» **Extracted material**:
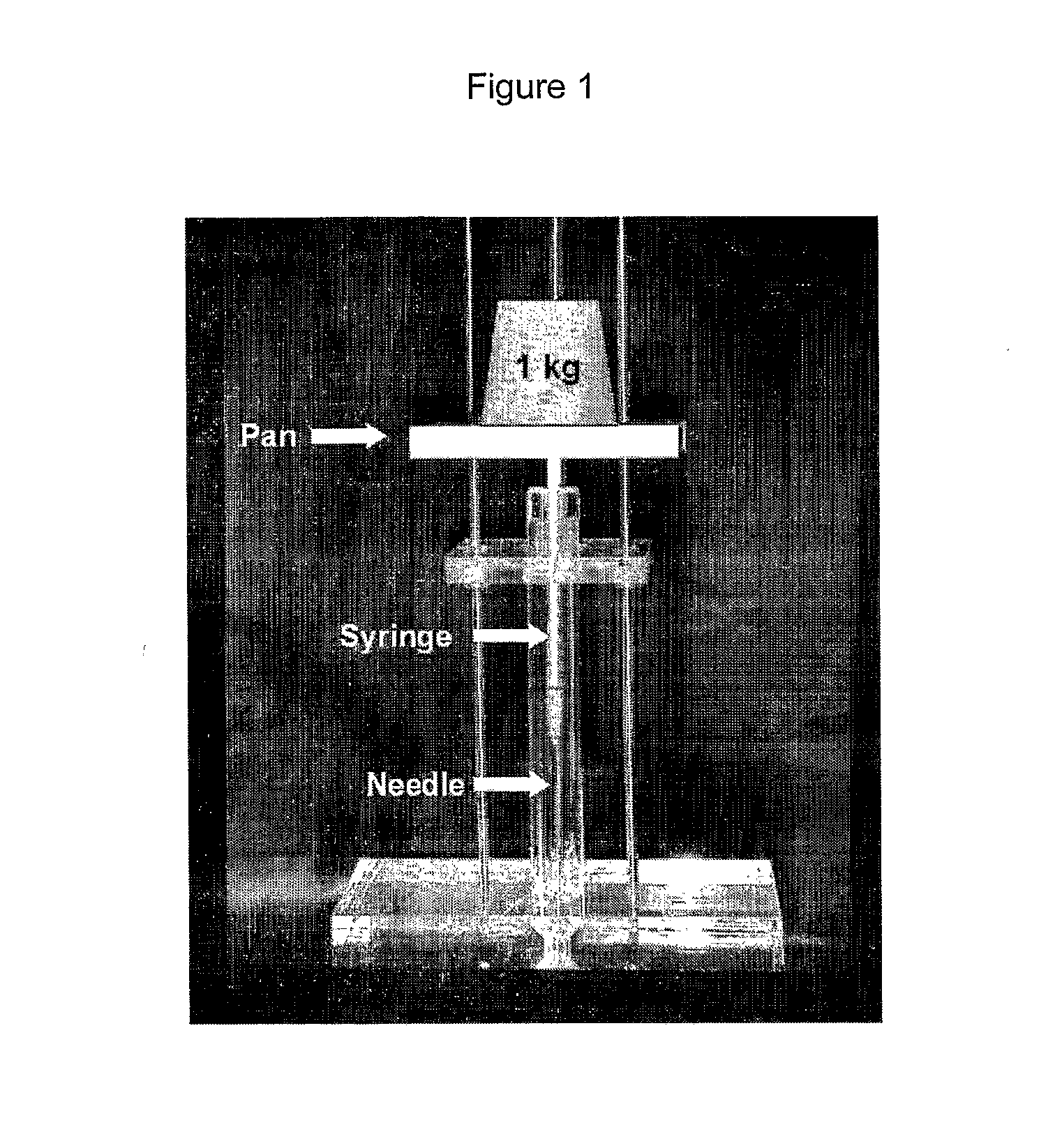 Thermosetting Neutralized Chitosan Composition Forming a Hydrogel, Lyophilizate, and Processes for Producing the Same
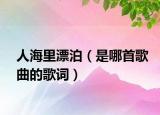 人海里漂泊（是哪首歌曲的歌词）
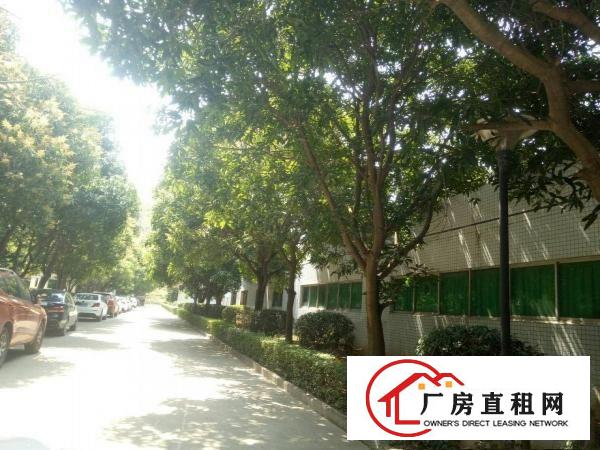 
		大亚湾新出花园式大空地原房东单一层厂房
	
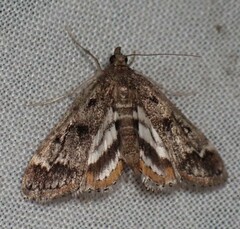 Parapoynx obscuralis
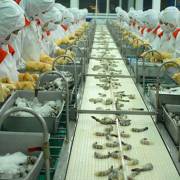 Số lô hàng thủy sản xuất khẩu bị Trung Quốc trả về ‘tăng đột biến’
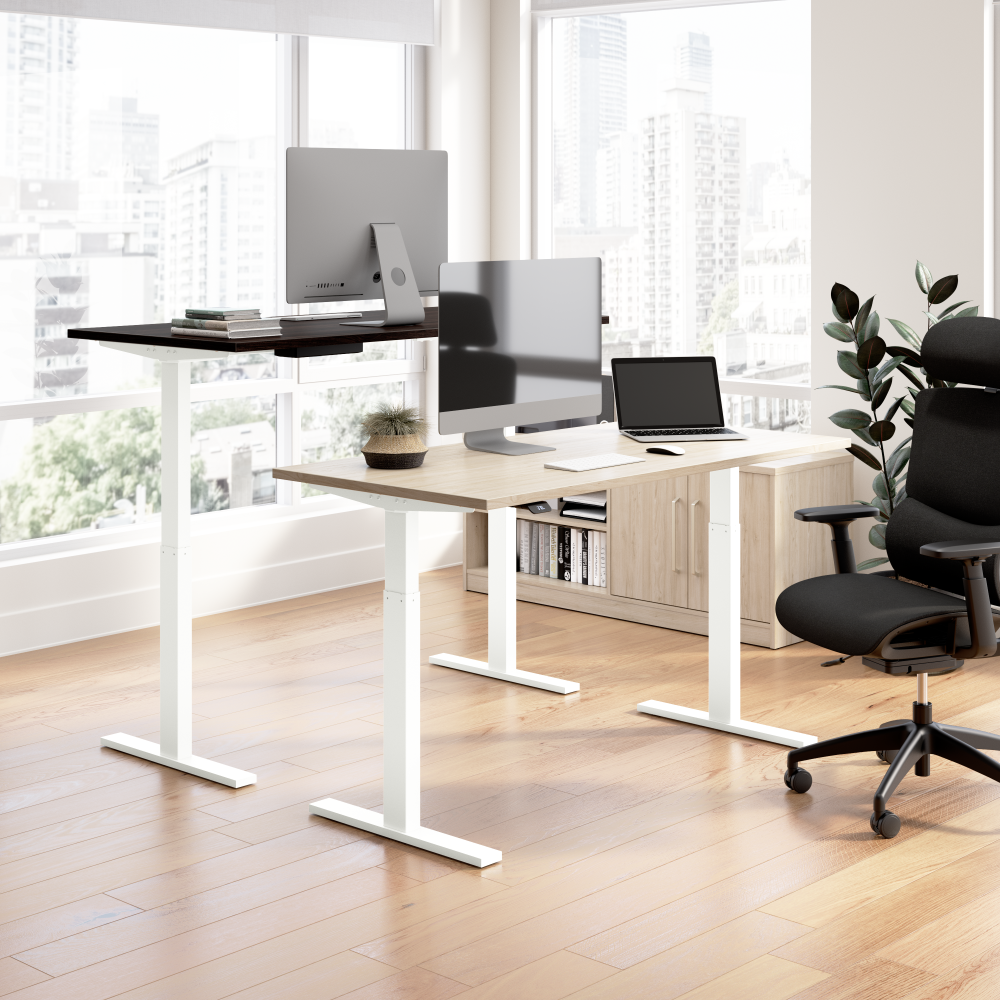 72W x 30D Height Adjustable Standing Desk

» **Activity**: Extract only the lines from the line containing "Số lô hàng thủy" through the final line of the records; keep both ends and drop every picture.

» **Worked solution**:
 Số lô hàng thủy sản xuất khẩu bị Trung Quốc trả về ‘tăng đột biến’
 72W x 30D Height Adjustable Standing Desk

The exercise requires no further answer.